EXERCISE INSTRUCTIONS =>
Of the lines below, report only those that contain "Lake".

DATA UNDER STUDY =>
--------------------
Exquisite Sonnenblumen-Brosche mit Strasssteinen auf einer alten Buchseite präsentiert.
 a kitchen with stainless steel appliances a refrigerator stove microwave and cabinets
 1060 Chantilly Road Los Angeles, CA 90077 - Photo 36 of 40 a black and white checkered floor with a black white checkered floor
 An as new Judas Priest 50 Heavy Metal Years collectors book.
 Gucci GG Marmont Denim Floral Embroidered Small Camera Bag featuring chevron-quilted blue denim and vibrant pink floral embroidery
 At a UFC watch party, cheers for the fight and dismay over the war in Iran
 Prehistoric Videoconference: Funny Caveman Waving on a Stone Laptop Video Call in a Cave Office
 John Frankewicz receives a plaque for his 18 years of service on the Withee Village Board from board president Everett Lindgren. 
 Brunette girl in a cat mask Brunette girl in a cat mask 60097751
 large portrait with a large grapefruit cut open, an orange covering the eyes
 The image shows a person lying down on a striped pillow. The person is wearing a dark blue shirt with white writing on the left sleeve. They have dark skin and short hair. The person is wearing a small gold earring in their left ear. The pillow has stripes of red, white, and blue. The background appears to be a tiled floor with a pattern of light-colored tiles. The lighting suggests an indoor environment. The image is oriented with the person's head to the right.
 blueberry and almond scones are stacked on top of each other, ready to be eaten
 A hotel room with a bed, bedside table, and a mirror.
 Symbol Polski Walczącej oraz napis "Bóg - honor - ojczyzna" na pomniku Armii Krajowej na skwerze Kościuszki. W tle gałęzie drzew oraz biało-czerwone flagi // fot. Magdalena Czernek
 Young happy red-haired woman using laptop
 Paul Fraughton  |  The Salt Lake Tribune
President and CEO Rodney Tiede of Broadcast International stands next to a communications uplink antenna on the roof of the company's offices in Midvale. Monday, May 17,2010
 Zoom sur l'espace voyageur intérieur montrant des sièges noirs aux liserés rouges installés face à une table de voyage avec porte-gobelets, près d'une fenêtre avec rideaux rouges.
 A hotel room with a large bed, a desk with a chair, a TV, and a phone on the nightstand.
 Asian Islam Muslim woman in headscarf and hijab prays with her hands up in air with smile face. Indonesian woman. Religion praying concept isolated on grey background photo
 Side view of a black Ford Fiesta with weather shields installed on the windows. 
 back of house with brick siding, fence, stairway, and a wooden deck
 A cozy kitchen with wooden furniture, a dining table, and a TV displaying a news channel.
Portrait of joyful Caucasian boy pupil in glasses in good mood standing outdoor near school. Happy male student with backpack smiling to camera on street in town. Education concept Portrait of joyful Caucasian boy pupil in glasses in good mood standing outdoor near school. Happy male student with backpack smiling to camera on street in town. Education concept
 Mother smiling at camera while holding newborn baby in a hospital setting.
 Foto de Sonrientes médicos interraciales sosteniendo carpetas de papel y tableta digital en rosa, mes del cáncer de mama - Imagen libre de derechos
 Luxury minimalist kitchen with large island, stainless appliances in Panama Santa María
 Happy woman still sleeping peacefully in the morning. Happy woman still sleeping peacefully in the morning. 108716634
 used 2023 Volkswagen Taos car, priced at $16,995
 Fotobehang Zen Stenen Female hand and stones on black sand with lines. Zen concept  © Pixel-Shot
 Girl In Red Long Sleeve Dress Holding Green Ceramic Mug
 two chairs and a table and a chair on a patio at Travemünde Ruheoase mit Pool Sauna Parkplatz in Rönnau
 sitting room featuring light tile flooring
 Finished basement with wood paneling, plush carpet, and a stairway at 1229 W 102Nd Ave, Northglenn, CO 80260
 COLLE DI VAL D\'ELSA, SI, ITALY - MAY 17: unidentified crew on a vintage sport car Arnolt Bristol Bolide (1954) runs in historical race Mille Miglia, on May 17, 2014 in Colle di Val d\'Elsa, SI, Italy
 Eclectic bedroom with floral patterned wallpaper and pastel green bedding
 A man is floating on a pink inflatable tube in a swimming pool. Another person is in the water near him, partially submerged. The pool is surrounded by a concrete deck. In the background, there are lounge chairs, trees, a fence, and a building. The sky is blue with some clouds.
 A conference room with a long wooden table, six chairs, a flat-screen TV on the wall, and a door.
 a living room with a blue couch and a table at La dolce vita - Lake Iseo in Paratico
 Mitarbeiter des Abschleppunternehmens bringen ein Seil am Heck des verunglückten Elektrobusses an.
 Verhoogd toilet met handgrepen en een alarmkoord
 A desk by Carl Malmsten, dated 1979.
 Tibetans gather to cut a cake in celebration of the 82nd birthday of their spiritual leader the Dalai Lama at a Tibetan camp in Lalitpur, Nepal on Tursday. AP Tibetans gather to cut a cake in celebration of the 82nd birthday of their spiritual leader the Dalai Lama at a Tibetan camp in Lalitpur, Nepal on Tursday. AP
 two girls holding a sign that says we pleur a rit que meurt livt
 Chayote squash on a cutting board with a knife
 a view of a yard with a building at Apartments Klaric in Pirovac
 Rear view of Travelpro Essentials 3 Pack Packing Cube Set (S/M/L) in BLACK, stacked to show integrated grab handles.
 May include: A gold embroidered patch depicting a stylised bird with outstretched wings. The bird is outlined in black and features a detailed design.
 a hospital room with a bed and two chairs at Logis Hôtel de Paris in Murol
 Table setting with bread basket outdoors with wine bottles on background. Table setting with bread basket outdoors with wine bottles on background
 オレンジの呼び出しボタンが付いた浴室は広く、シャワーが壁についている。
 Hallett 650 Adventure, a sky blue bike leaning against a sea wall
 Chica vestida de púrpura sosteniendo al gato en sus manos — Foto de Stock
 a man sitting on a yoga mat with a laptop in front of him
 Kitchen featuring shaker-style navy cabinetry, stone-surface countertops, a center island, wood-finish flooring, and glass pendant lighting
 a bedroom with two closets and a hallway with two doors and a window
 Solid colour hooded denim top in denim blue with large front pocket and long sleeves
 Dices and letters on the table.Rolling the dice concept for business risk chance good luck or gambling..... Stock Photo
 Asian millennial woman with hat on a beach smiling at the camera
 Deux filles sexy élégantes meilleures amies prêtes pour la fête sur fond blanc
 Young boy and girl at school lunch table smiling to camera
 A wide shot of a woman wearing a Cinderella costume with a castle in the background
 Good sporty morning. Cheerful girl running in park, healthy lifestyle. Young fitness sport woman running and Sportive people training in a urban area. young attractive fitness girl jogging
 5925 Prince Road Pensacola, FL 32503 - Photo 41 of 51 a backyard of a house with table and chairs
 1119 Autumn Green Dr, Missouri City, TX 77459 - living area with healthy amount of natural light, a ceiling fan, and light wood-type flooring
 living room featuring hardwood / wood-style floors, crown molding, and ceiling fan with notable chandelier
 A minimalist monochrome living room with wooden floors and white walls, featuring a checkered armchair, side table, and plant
--------------------
RESULT =>
 Paul Fraughton  |  The Salt Lake Tribune
 a living room with a blue couch and a table at La dolce vita - Lake Iseo in Paratico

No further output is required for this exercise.